=== Work instruction ===
Wherever a line of the records contains "Blue", copy that line.

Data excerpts
-=-=-=-=-
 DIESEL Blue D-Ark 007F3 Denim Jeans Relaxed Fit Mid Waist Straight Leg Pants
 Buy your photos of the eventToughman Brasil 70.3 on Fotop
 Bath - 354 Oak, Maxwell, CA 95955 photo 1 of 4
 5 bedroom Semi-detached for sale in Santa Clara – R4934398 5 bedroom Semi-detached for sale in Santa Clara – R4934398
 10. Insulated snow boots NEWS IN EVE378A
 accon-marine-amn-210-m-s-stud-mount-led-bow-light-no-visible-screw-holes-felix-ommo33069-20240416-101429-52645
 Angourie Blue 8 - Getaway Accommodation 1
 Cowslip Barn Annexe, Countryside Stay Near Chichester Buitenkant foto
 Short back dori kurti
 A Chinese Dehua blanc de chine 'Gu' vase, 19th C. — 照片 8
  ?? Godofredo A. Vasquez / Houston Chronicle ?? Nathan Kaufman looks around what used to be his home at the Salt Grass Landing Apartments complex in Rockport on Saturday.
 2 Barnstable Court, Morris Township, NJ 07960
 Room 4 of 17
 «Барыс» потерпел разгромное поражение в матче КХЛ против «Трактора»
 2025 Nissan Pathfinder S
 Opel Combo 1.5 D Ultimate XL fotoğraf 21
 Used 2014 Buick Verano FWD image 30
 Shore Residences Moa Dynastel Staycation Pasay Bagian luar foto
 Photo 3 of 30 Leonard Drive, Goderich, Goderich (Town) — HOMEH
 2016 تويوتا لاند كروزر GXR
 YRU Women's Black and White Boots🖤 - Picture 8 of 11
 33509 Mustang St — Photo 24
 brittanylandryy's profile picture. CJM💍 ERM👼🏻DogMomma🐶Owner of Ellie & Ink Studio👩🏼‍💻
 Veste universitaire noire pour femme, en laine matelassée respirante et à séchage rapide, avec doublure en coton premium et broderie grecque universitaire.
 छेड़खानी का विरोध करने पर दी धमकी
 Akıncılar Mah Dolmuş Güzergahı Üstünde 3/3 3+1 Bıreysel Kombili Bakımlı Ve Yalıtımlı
-=-=-=-=-
=== Written answer ===
 DIESEL Blue D-Ark 007F3 Denim Jeans Relaxed Fit Mid Waist Straight Leg Pants
 Angourie Blue 8 - Getaway Accommodation 1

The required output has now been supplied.